• _DATASET SECTION_
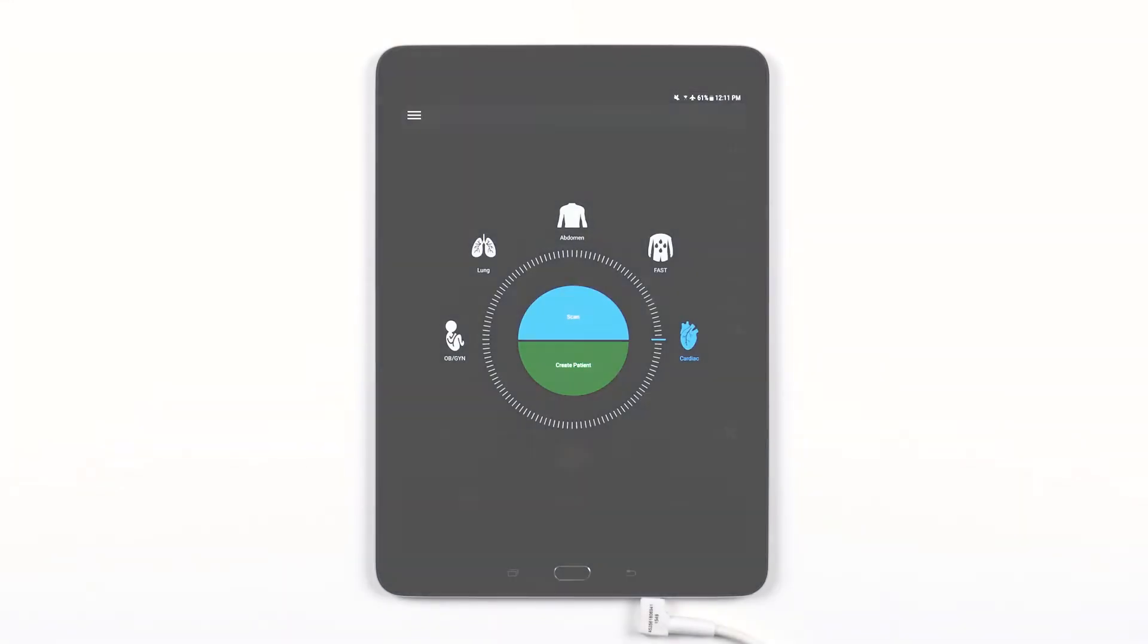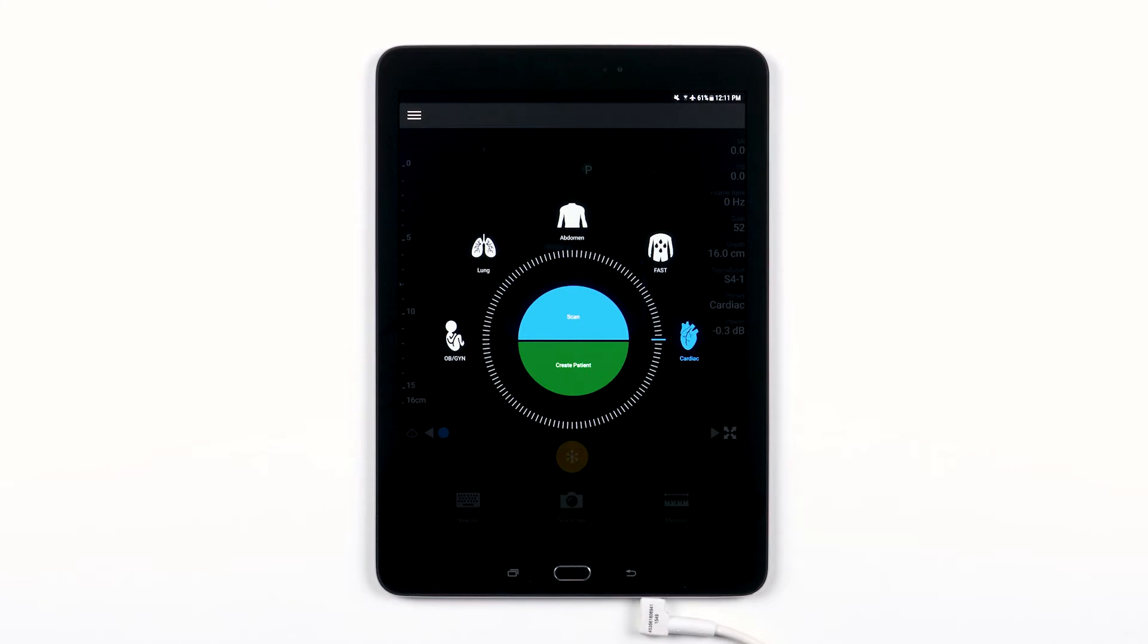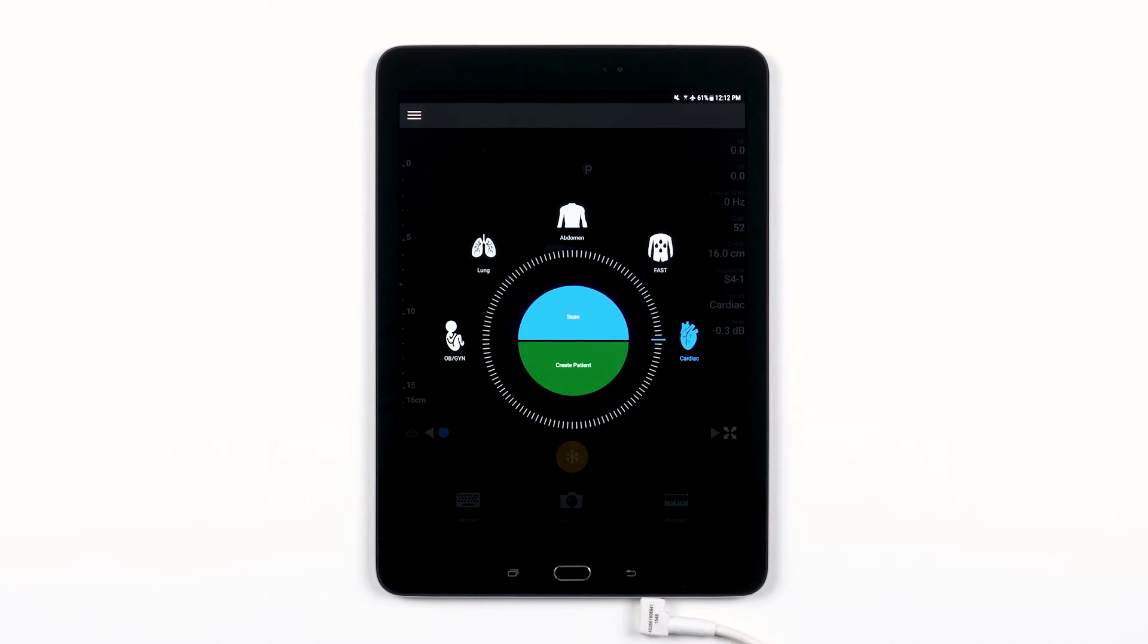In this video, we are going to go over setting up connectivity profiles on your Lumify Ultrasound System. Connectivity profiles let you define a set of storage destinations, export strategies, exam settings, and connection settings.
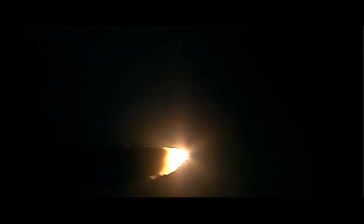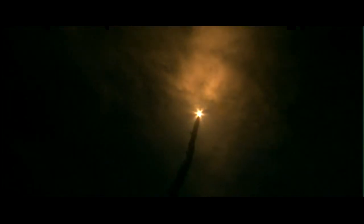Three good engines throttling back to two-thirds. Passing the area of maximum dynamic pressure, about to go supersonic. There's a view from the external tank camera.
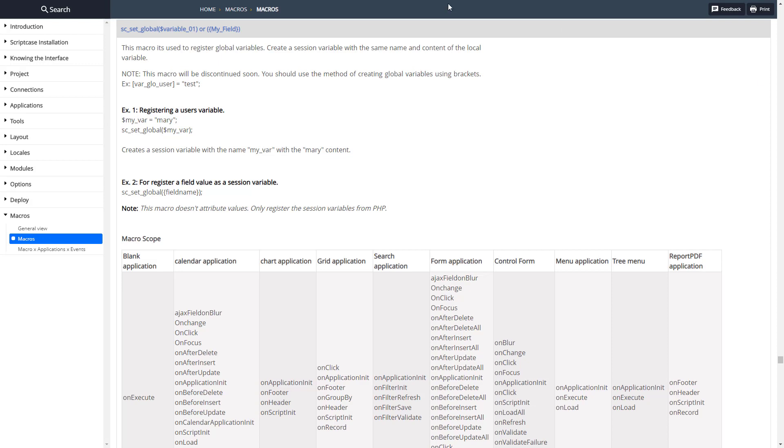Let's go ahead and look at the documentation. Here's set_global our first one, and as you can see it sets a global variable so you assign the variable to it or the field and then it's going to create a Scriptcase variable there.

• _ASSIGNMENT_
Transcribe each line above verbatim, with the pictures left out.

• _OUTPUT FOR THIS EXERCISE_
In this video, we are going to go over setting up connectivity profiles on your Lumify Ultrasound System. Connectivity profiles let you define a set of storage destinations, export strategies, exam settings, and connection settings.
Three good engines throttling back to two-thirds. Passing the area of maximum dynamic pressure, about to go supersonic. There's a view from the external tank camera.
Let's go ahead and look at the documentation. Here's set_global our first one, and as you can see it sets a global variable so you assign the variable to it or the field and then it's going to create a Scriptcase variable there.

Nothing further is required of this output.